Writing at The New York Observer, Nick von Hoffman notes the racist pedigrees of the senators who failed to support last month's resolution apologizing for over a century of refusal to end lynching, and makes a powerfully compelling case for reparations. He sets it up with this:

"The Republican performance on this harmless resolution reinforces Howard Dean’s recent remark about the G.O.P. being white and Christian. His words, which were received with such indignation, are more or less a statement of fact—and not even a new one. Everybody in politics knows that the Republican Party set out to win the anti-black South years ago and has done so.
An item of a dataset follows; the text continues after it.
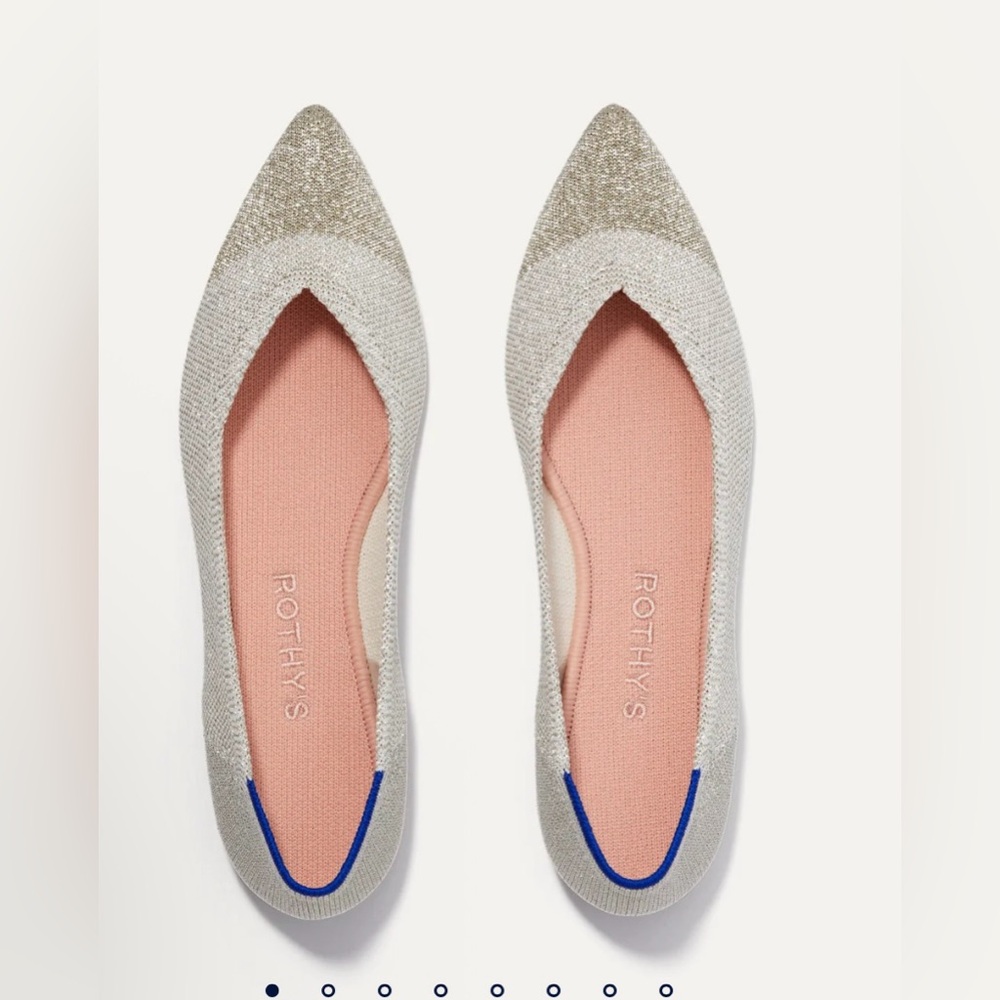 Rothy’s Size 6 Point Champagne Glitter Flats. 💕⚡️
Racial antipathies in their less violent forms have been strengthened by the party’s alliance with Southern religion. White Southern Christianity has a history of supporting slavery, the black codes, discrimination and intolerance toward people of color stretching back 200 years. In the 1950’s and 60’s, when some northern and western Christian denominations remembered their abolitionist past and backed the civil-rights movement, the white churches of the South did not, and it is they who have supplied the moral dynamic of modern Republicanism."
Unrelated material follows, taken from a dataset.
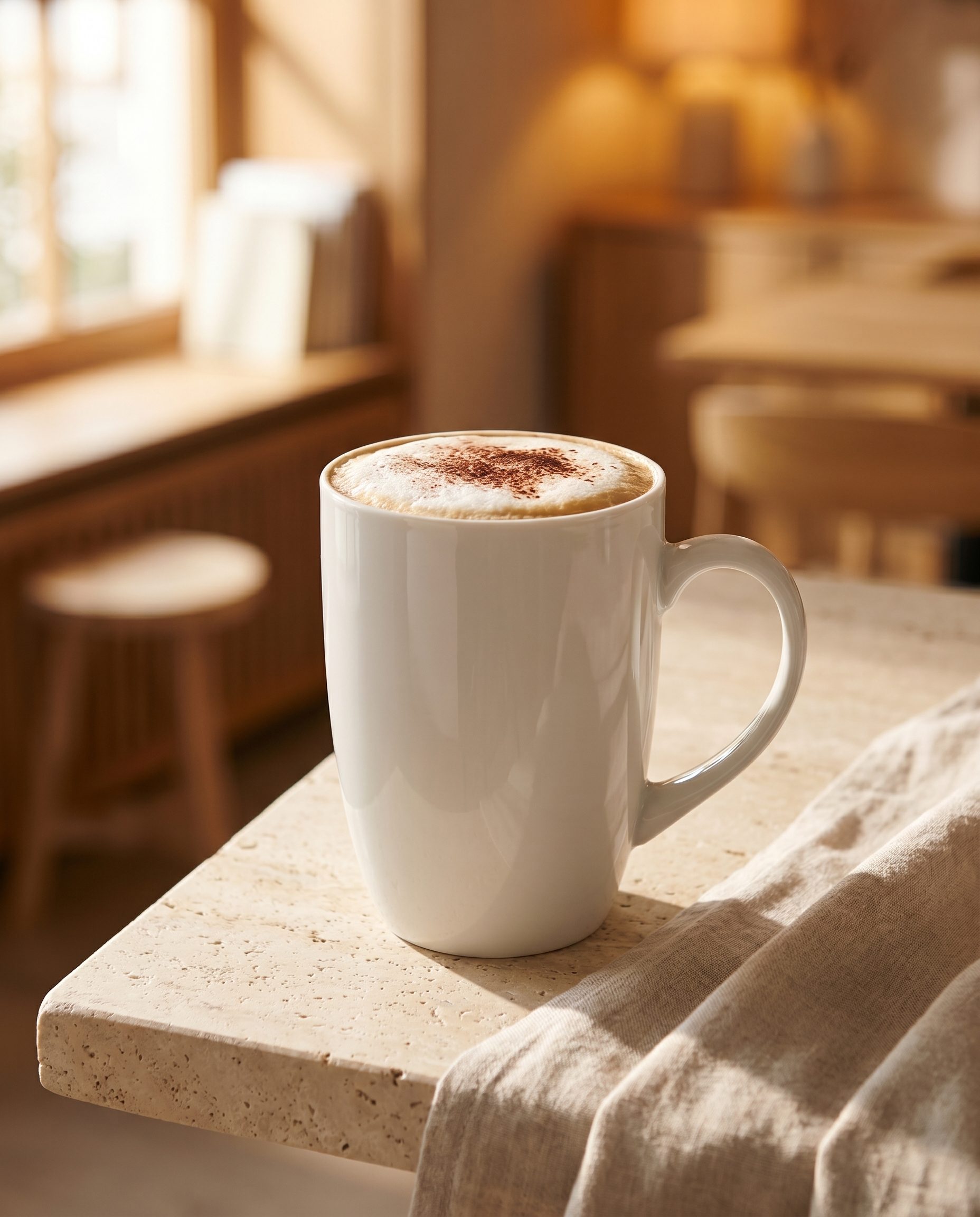 Complete white ceramic coffee mug in a warm cafe product scene.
Then he delivers the goods:

"There is no statute of limitations on atrocity. Crimes only become ancient and beyond restitution when the wounds inflicted are no longer carried in living hearts. The massacres of Armenians by the Turks and the Turkish government occurred almost 100 years ago, but for many Armenians those things were done yesterday. The same is true for Native Americans.
We know the names of many—probably most—of the murdered people. We have the means to find their families and offer a substantial financial compensation. There is compensation for the Holocaust’s survivors and families. We have compensated the families whose relatives died in the World Trade Center, where fewer perished than have been lynched and where it was not Americans who committed the crime. That’s well and good, but then what do we owe the victims of crimes committed not only by American individuals, but by the government as well?"
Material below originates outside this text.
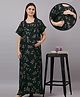 Mamma's Maternity Cotton Woven Half Sleeves Leaf Printed Maternity Nighty With Side Seam Nursing Access - Green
Nothing gets up the backs of the good white people of the heartland like the idea of handing over their hard-earned money to the families of blacks or Indians who never did nuthin' for it except to be robbed, tortured and massacred by the (let's face it)millions. Black slave labor made the magnificent architecture of our nation's capitol possible. The wholesale theft of Indian living space made it possible for us to convert bountiful resources into historically unprecented wealth. But let's let bygones be bygones, and not discommode the comfortable with the truth about their debts. A piece of paper causes less fuss, and buys off a lot of troubled dreams...that is, for those with enough conscience left to be troubled.